Pre 0.18.0:
var myString = "Some String"
echo "'", myString, "'" # --> echos 'Some String'
Post 0.18.0:
var myString = "Some String"
echo "'", myString, "'" # --> echos 'Some String ', notice the space (null character)
Is this here to stay or a regression?
Specs:
Works for me too.
Just tested it on Void Linux x64, with Nim 0.18.1 (recompiled a few hours ago with choosenim).
Windows, version 0.18.0:
'Some String'
Thanks @miran,
It may have been introduced in one of the mid 0.18.0 versions, because I tried it again on a friends Windows 10 x64, Nim 0.18.1 x64 machine and the error is present.
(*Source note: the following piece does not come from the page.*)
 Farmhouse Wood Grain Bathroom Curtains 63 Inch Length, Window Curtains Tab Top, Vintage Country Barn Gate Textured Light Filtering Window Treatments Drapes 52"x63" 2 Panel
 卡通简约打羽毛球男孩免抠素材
@miran, could you perhaps try it with a newer version of Nim?
Thanks
Sorry, my mistake! I showed the wrong code, it should be:
var myString = "Some String"
echo "'", myString[0 .. ^0], "'"
Sorry guys! Is this a regression?
Thanks @Krux02,
I had the same code from pre-0.18.0 and it worked with ^0, then recompiled it with 0.18.1 and it added the terminator, that is why I was confused. Then it seems to be a change?
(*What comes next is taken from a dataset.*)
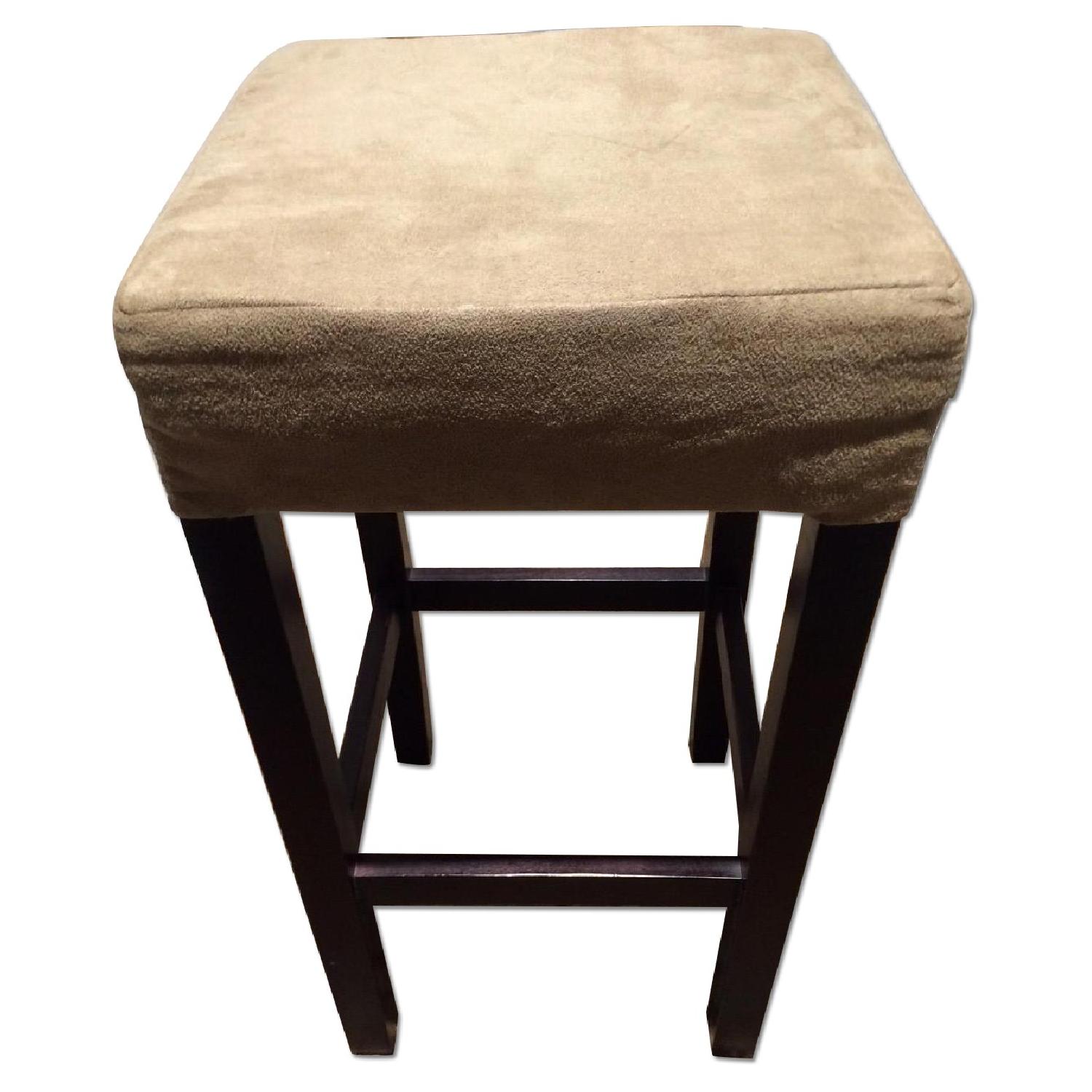 Bar Stools w/ Beige Upholstered Seats - image-0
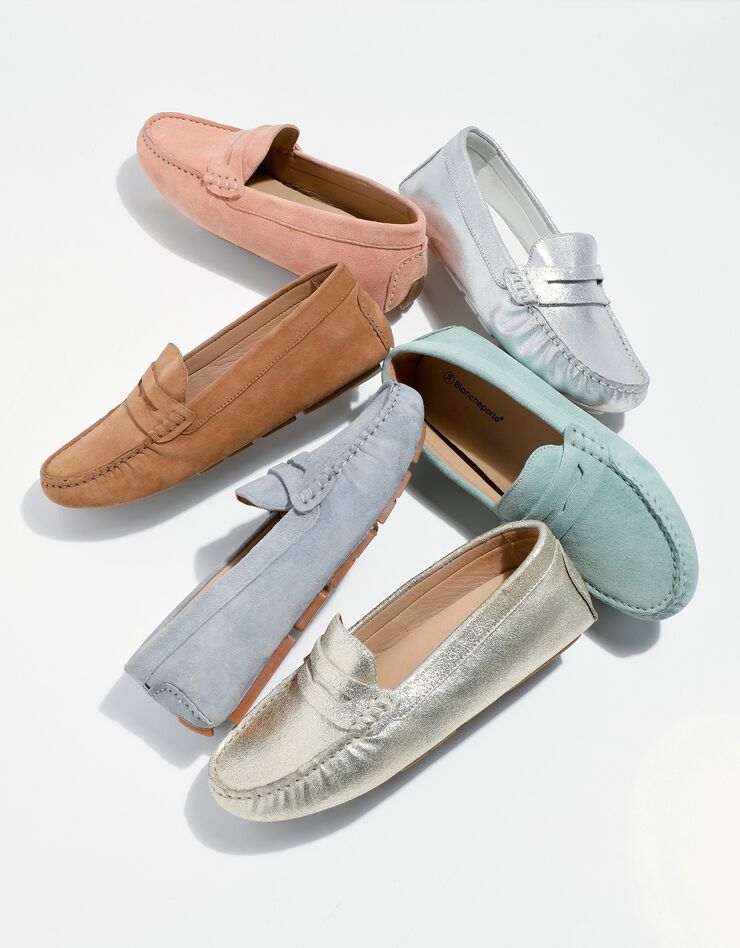 Mocassins en cuir velours (nude)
Sorry again for the mistake guys.
I had the same code from pre-0.18.0 and it worked with ^0,
This reminds me of this issue.
The previous behaviour, where null terminator is ignored, is just wrong. You should change your program and use ^1 for the last character.
Btw, since it seems that at least two of you use(d) ^0, can I ask the rationale behind it? If you want something until the third-from-last character you use ..^3, second-from-last character ..^2, but if you want until the last character, you suddenly skip one number and use ..^0?
@miran certainly, the rationale is Python:
myString = "Some String"
print(myString[0 :]) # echos "Some String"
print(myString[0 : -1]) # echos "Some Strin"
That issue you linked explains it, thanks. I will mark this as solved.
the rationale is Python
Python's ranges have upper limit excluded, while Nim has upper limit included.
To mimic Python's range, use ..<.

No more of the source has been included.